Thakin Chit Maung (ချစ်မောင်; 1915 – 3 March 2005), also known as Widuya Thakin Chit Maung, was a veteran Burmese politician.

==Political career==

His political career in Burma (also called Myanmar) began as a teenager in the early 1930s when he joined the nationalist organisation, Dobama Asiayone (We Burmans Association). He participated in the anti-British campaign led by General Aung San (father of Aung San Suu Kyi) and fought against the Japanese during World War II.

In 1950, Chit Maung helped established the Burma Workers and Peasants Party, nicknamed the "Red Socialists",.

As there is another Burmese politician Thakin Chit Maung of the same name and as both of them took the appellation 'Thakin', 'Master' - this Thakin Chit Maung is known by the additional acronym mentioned usually before his name: 'Widura'. Hence Widura Thakin Chit Maung.

Widura Thakin Chit Maung earned this additional name around February 1959 after he gave a speech in the then Burmese Parliament.

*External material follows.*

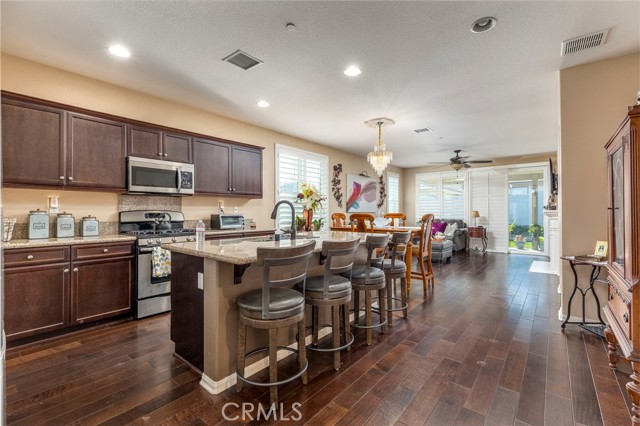 Detail Gallery Image 2 of 24 For 353 Blowing Rock, Beaumont,  CA 92223 - 2 Beds | 2 Baths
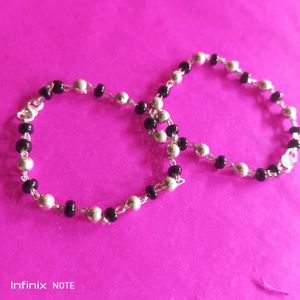 White And Black Mani Baby Hand Bangles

In his speech Thakin Chit Maung compared the travails of the Burmese people during the caretaker administration of General Ne Win with the travails that the embryo ('would-be') Buddha had gone through in the Buddha's previous existence as the Minister Widura which were depicted in The Jataka Tales.

Thakin Chit Maung's speech in Parliament was broadcast live on radio at that time and soon thereafter he gained the appellation or honorific of 'Widura Thakin Chit Maung'. Thakin Chit Maung who was then a member of Parliament representing the leftist National United Front (not to be confused with National Unity Party of the renamed Burma Socialist Programme Party formed in late September 1988) opposed the then proposed amendment to Section 116 of the 1947 Burmese Constitution which would allow General Ne Win to continue to serve as 'care taker Prime Minister' (Section 116 of the 1947 Burmese Constitution stated in effect that no person who is not a member of Parliament shall serve as a Minister or Prime Minister for more than six months. General Ne Win was not a member of Parliament and since by February 1959 he had served as prime minister for nearly six months there were moves to amend the Constitution in order for General Ne Win to continue to serve as caretaker prime minister. The Constitution was amended and General Ne Win's caretaker government held multiparty elections in February 1960. The Clean Faction of the Anti-Fascist People's Freedom League (AFPFL) led by U Nu won the 1960 elections by a landslide and General Ne Win handed back power to U Nu.)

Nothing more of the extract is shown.